My name is Melissa Poole, and I'm the Vice President of Investor Relations at Hershey. Joining me today are Hershey's Chairman and CEO, Michele Buck; and Hershey's Senior Vice President and CFO, Steve Voskuil.
In addition to these remarks, we will host an analyst Q&A-only session at 8:30 a.m. Eastern on the morning of July 27. A replay of this webcast and our subsequent Q&A session will be available on the investor relations section of our website, along with their corresponding transcripts. During the course of today's discussion, management will make forward-looking statements that are subject to various risks and uncertainties. These statements include expectations and assumptions regarding the company's future operations and financial performance. Actual results could differ materially from those projected. The company undertakes no obligation to update these statements based on subsequent events. A detailed listing of such risks and uncertainties can be found in today's press release and the company's SEC filings. Finally, please note that, during today's discussion, we will refer to certain non-GAAP financial measures that we believe will provide useful information for investors. The presentation of this information is not intended to be considered in isolation or as a substitute for the financial information presented in accordance with GAAP. Reconciliations to the GAAP results are included in this morning's press release.

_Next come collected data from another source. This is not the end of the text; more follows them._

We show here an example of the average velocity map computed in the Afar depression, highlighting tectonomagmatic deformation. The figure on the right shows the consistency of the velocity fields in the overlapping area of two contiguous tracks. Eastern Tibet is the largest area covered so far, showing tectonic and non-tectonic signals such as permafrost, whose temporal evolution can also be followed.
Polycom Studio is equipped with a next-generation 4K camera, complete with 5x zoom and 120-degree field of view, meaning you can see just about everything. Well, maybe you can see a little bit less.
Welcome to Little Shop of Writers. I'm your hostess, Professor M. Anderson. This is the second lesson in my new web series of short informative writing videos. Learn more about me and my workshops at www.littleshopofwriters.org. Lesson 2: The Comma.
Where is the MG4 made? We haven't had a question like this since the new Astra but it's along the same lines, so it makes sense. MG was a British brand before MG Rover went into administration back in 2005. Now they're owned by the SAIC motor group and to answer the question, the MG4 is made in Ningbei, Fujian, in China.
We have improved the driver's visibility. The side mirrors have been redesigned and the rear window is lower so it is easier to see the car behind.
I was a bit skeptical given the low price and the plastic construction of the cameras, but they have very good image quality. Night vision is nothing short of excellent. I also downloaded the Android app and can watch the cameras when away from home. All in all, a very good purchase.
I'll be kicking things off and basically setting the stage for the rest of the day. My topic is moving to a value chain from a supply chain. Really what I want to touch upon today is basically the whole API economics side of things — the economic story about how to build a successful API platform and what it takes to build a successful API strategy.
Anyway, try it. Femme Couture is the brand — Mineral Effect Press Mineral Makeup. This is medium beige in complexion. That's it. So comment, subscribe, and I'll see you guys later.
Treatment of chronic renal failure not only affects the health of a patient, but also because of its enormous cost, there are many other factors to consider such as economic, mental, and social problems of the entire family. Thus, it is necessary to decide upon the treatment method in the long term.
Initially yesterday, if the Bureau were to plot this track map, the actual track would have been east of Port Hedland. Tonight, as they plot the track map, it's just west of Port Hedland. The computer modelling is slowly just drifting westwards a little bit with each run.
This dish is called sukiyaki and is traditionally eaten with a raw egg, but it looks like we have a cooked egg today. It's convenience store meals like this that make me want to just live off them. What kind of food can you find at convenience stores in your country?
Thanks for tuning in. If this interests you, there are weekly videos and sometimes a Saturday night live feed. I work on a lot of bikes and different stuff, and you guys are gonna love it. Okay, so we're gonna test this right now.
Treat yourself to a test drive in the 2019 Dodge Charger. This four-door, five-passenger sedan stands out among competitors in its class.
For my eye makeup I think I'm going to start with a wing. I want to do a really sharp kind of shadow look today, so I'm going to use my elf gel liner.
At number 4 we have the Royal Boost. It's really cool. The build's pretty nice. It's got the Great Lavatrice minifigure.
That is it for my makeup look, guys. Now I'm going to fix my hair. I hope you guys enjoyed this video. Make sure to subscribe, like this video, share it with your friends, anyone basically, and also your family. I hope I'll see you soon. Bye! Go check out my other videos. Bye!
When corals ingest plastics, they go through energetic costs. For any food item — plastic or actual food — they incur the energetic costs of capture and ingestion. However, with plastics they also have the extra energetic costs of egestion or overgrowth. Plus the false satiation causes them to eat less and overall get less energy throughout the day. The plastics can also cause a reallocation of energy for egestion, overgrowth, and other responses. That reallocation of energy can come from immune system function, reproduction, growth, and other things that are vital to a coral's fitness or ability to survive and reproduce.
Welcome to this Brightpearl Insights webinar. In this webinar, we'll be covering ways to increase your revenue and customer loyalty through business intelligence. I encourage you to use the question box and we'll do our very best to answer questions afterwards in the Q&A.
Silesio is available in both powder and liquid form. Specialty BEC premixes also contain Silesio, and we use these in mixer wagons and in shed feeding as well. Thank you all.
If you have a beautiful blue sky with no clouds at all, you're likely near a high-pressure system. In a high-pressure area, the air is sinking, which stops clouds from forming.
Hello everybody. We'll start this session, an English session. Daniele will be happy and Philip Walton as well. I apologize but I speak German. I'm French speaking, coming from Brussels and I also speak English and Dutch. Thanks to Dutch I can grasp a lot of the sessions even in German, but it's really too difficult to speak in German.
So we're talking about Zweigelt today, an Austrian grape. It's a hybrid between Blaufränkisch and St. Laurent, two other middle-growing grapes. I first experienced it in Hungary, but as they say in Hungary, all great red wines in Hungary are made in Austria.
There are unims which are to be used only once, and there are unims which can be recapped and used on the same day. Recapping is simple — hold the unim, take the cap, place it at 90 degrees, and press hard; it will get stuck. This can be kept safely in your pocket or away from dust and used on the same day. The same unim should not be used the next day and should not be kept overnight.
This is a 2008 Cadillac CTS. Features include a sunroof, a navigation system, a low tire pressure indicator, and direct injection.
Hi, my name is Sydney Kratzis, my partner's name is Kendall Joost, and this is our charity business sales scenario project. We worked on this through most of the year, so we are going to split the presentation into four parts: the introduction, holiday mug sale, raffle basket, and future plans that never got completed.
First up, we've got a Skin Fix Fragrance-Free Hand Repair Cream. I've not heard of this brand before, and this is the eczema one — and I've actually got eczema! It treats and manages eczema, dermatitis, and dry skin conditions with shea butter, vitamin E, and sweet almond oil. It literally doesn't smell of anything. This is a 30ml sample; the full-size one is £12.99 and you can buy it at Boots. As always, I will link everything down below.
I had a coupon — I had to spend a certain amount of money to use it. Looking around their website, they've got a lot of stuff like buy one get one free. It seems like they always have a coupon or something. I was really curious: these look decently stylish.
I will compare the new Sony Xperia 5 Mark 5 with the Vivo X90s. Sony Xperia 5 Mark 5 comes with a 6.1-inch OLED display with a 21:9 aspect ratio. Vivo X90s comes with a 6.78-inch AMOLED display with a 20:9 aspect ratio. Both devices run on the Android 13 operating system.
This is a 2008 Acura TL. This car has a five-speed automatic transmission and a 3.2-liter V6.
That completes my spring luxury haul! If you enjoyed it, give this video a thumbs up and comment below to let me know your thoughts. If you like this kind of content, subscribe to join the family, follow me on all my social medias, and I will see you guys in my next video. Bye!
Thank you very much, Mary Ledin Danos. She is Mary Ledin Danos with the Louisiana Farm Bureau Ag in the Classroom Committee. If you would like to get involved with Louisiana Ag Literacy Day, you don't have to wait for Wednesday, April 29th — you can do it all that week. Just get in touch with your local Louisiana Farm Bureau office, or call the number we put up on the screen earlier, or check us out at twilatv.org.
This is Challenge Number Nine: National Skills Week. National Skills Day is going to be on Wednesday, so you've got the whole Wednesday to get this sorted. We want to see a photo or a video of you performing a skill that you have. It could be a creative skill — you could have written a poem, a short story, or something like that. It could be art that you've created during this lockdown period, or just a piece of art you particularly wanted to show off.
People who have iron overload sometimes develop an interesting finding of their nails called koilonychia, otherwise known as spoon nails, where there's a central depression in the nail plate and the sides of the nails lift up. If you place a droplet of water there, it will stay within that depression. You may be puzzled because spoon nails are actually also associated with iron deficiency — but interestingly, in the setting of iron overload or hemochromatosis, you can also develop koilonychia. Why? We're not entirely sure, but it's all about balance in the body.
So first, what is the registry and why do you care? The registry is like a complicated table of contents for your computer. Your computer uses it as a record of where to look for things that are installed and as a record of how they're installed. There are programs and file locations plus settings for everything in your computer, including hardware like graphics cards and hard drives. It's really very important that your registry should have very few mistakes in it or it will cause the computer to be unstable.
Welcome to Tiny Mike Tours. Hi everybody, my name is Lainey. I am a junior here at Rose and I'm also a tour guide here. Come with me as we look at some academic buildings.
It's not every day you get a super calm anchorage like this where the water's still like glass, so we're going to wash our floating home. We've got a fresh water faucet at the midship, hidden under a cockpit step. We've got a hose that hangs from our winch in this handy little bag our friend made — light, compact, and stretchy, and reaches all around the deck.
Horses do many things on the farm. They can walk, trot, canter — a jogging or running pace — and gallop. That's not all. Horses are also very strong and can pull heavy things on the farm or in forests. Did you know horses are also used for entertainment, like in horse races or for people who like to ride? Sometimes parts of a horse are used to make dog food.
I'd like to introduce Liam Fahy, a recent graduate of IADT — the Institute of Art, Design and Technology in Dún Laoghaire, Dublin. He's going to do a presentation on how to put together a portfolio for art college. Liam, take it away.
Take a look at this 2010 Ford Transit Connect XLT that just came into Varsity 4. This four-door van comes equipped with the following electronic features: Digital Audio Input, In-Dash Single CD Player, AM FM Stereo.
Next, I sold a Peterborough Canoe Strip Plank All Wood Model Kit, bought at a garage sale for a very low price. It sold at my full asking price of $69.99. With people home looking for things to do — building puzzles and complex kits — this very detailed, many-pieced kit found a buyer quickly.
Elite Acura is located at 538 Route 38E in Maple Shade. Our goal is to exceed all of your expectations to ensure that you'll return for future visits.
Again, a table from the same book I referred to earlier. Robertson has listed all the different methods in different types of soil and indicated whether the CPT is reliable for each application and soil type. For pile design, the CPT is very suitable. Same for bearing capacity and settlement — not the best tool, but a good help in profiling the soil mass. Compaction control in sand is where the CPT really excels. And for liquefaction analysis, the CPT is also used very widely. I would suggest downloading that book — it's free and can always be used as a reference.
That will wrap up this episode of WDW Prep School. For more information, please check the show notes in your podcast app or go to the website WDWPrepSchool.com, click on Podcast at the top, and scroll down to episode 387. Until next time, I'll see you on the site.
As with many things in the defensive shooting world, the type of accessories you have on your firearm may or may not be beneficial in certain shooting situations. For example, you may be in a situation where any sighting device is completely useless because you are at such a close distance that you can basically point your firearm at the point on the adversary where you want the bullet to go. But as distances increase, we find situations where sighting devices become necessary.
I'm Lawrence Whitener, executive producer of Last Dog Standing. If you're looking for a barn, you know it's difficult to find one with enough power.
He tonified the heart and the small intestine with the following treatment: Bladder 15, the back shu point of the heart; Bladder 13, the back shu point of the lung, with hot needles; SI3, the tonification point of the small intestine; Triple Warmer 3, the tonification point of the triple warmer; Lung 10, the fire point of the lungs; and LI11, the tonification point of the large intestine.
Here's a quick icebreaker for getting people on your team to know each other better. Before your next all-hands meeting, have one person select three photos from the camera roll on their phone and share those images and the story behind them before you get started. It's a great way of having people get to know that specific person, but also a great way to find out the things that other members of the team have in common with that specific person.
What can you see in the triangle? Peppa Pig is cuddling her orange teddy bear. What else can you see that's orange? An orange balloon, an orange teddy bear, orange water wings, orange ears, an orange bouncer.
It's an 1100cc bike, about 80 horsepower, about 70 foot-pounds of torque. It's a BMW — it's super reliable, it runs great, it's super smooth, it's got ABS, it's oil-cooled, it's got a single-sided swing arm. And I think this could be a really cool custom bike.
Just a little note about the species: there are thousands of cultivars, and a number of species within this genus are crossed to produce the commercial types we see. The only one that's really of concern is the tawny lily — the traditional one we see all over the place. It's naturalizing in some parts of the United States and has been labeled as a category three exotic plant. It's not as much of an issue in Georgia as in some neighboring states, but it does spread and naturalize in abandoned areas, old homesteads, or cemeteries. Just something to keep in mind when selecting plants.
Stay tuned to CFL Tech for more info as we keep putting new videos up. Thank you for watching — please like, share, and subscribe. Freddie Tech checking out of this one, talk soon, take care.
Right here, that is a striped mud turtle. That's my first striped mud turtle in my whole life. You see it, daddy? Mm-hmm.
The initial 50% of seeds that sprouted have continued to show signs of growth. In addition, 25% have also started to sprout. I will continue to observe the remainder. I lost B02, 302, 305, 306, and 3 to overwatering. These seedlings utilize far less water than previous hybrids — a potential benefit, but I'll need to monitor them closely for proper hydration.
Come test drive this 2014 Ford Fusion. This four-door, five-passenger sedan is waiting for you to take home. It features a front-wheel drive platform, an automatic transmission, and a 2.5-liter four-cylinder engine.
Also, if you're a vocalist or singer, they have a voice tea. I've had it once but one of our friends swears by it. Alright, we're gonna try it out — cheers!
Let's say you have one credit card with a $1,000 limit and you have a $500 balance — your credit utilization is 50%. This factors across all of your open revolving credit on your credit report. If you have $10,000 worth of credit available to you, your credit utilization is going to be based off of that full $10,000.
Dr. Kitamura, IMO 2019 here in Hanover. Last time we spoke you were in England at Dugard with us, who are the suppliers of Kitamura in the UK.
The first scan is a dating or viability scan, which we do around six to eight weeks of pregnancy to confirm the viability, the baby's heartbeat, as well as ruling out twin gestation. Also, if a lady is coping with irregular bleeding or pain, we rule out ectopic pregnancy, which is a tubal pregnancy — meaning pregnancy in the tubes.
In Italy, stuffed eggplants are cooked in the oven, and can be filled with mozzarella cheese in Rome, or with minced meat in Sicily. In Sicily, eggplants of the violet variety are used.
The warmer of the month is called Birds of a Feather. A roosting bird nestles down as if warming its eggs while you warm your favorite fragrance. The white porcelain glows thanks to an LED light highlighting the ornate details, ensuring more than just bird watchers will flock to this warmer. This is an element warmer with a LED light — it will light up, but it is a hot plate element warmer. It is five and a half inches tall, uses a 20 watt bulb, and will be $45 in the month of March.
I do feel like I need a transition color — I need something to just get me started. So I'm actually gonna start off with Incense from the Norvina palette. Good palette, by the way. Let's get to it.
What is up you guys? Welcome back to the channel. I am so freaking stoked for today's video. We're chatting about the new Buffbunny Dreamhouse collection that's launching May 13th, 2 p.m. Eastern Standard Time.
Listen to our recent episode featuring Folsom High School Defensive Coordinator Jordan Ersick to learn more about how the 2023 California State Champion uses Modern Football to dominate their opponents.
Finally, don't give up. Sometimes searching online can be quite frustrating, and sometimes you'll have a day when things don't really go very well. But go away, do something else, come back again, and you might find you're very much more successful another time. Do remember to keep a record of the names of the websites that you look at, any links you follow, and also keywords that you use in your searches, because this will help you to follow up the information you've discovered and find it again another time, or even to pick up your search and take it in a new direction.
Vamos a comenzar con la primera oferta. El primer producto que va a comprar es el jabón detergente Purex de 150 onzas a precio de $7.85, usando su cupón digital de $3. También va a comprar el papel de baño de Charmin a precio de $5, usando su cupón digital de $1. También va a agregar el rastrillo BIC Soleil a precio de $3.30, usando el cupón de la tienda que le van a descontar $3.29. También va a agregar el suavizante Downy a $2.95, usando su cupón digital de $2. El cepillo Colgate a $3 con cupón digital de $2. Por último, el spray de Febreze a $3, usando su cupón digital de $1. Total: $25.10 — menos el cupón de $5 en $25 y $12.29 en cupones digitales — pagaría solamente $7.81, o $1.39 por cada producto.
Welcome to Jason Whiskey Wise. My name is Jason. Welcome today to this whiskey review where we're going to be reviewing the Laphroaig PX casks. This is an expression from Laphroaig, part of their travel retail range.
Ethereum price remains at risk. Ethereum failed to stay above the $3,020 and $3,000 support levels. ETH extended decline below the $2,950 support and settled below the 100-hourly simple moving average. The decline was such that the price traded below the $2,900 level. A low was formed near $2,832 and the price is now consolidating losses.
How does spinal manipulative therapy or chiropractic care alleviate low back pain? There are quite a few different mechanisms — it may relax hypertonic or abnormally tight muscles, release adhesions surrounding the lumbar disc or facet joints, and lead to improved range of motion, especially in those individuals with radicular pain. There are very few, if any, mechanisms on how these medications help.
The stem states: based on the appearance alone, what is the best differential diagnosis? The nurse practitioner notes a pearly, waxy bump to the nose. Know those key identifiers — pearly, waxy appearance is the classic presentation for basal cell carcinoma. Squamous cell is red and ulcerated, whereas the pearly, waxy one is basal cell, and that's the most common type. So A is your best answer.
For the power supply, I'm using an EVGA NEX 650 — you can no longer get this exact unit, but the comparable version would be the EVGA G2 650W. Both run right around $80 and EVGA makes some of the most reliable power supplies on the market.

It is now my pleasure to introduce our Chairman and CEO, Michele Buck.
Thank you, Melissa. And good morning, everyone.
Our categories continue to perform well as consumer demand for great-tasting snacks remains resilient across the globe. We delivered another quarter of strong net sales growth, gross margin expansion and double-digit earnings growth, enabling us to raise our full year adjusted earnings outlook and increase our dividend 15%. New capacity and increased brand investment should enable us to sustain this momentum in the second half as we provide consumers with even more of their favorite snacks for seasonal celebrations and expand distribution across segments and markets.
Within North American confectionery, everyday U.S. confection retail sales grew approximately 10% throughout the second quarter. This strength in consumer demand was partially offset by expected inventory headwinds, resulting in mid-single-digit organic net sales growth. Price elasticity increased slightly for the -- versus the first quarter, in line with expectations, and remains well ahead of historical levels. We expect elasticities to gradually increase as we progress through the year and enter 2024.
Our summer programs are off to a good start, with retail sales for s'mores, Twizzlers and syrup up a combined 11% versus last year behind strong merchandising across channels and increased media investment. Retail sales for gum and mint continue to outperform the broader confection category as mobility increases and workers return to the office. Hershey refreshment retail sales grew 26% in the second quarter, ahead of the overall refreshment category, resulting in share gains of over 130 basis points.
While we are gaining share within the refreshment category, elevated refreshment category growth is a share headwind for Hershey overall given our smaller relative size in the category. This mix impact contributed to more than half of our overall confection category share decline in the quarter. The remainder of our share decline was driven by increased levels of competitive innovation within both the chocolate and sweets categories. With our increased chocolate capacity this year and additional co-manufacturing secured within sweets for next year, we can now more aggressively pursue growth opportunities to improve our market share performance. This will include greater levels of innovation, distribution expansion and targeted increases in promotional activity in 2024 to return merchandising share to historical levels.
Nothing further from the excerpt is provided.